Astronomers have calculated between which months the collision of these 2 cosmic objects, hundreds of millions of times more massive than the Sun, would occur.
In the center of a galaxy located 1.2 billion light years from Earth, two huge black holes have been getting so close that their collision and merger is imminent, and such an event could even be observed in ‘real time’ this year, according to a recent prediction by a team of Chinese astronomers.
The scientific community estimates that each galaxy has a supermassive black hole at its center, cosmic objects that concentrate millions of times the mass of the Sun and feed on the surrounding matter, emitting a powerful glow at different wavelengths. However, some merged galaxies may host two or more of these dark giants.
As described in their preliminary document uploaded last week to the arXiv platform, the aforementioned team of astronomers detected in the nucleus of the galaxy SDSSJ1430+2303 a glow of X-rays and visible light that dims and brightens regularly, a sign that two black holes orbit each other as they suck in surrounding gas and dust with their powerful gravity.
Orbiting closer and closer
“My first instinct was that it must be related to a pair of supermassive black holes,” said study lead author Ning Jiang (University of Science and Technology of China), according to the journal Science.
But not only that. According to the data obtained with the Zwicky Transient Facility (ZTF) telescope, located in California, the signal that both objects were ‘eclipsing’ was repeated in increasingly shorter periods: in a span of 3 years, they went from detecting these signals every 1 year to every 1 month.
This month-long oscillation was confirmed by the researchers when they used the X-ray telescopes at NASA’s Neil Gehrels Swift Observatory. According to Jiang, these black holes are as close as Pluto to the Sun.
Also, based on the apparent motion of these bodies and their effects on the galactic center, the authors have estimated that black holes together have a mass of hundreds of millions of suns.

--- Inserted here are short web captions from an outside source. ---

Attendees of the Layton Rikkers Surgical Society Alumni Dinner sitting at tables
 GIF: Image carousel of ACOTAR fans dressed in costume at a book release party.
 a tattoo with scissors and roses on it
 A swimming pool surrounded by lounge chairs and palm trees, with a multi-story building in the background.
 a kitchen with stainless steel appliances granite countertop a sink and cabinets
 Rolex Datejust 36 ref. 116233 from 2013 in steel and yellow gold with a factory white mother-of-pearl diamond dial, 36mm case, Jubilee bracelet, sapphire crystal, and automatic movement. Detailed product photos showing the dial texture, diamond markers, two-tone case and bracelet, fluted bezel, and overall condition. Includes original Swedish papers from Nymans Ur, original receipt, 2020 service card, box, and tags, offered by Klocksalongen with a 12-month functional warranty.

When will these black holes collide?
According to the team’s calculations, if this approaching trend continues due to mutual gravitational attraction, both black holes will merge within 100 to 300 days. This means that it could occur between May and December 2022.
It should be noted that, according to the document, there are other —less likely— merger scenarios that could lengthen the wait up to three years.
Gravitational waves are vibrations in space-time that arise when two compact objects collide with each other. Since 2015, scientists have been capturing these signals, which come mostly from black hole mergers. The way in which the waves arrive allows us to infer the orbits in which the objects were moving in the moments before the event.
Great expectation to capture the merger
After the study was published, several astronomers requested time on the telescopes to confirm the prediction, said Huan Yang, a researcher at the Perimeter Institute in Waterloo, Canada, and a member of the team.
According to Science, Emma Kun of the Konkoly Observatory in Budapest, Hungary, began searching archives of radio observations to confirm what the Chinese team detected.
The great expectation is due in part to the fact that astronomers will have the opportunity to be prepared to capture a cosmic phenomenon of this type, something that is unprecedented.
“There should be a big burst across the entire electromagnetic spectrum, from gamma rays to radio waves,” Kun explained. In addition, the phenomenon is expected to produce a large emission of neutrinos.
The detection of all these effects of the merger would not only confirm a prediction, but also reinforce one of the most accepted theories about supermassive black holes, the one that suggests that the growth of these monsters is mainly due to their merger with other black holes. , since all the mass accumulated inside them cannot be explained only by the ‘food’ that they have available around them.
“If the crash happens, it will confirm a lot of things,” Kun said.
More observations required
However, experts such as Scott Ransom of the US National Radio Astronomy Observatory (NRAO) and Daniel D’Orazio of the Niels Bohr Institute in Denmark are of the opinion that the oldest data from the center of the galaxy SDSSJ1430+2303 do not agree with a model of two black holes orbiting each other. Therefore, they wonder why those signs started all of a sudden.